Moroccan footballer (born 2001)

Rachid Ghanimi (born 25 April 2001) is a Moroccan professional footballer who plays as a goalkeeper for Botola club Fath Union Sport. He was selected for the Moroccan team at the 2024 Summer Olympics, winning a bronze medal with the Atlas Lions.

== Club career ==
Ghanimi signed his first professional contract with RC Oued Zem in 2020. He never played any games, mainly serving as the third-string goalkeeper. He was an unused substitute in a 2–0 loss to Hassania Agadir.

Seeking more regular game time, Ghanimi left Oued Zem in August 2023 to join Fath Union Sport in Rabat for an undisclosed fee. He made his Rabat debut in a 0–0 draw against Olympic Safi. Ghanimi also played in the following game against Hassania in a 3–1 win, with Ghanimi only conceding to a penalty.
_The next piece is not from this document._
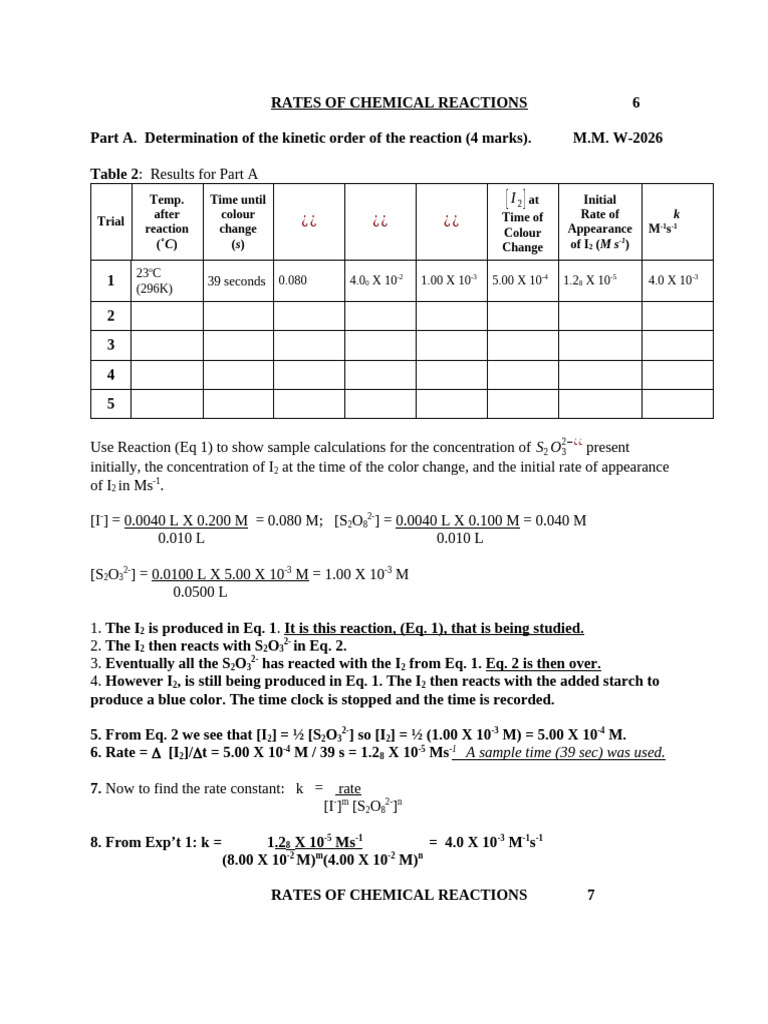 Kinetics Lab p.67 - W-26 | PDF | Chemical Kinetics | Chemical Reaction ...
Ghanimi would also play in a 1–1 draw against MA Tétouan and in a 1–0 win against JS Soualem, with Ghanimi saving a penalty in the latter.

== International career ==
Ghanimi was called up to the Morocco national team to play in the friendlies against Cape Verde and South Africa. He appeared on the bench against South Africa but didn't play any games. Ghanimi also played one game for the Morocco U23, with Tarik Sektioui opting to give him a chance in a 2–0 win against the Wales U21. Ghanimi was a member of the Morocco squad that won the 2023 U-23 Africa Cup of Nations.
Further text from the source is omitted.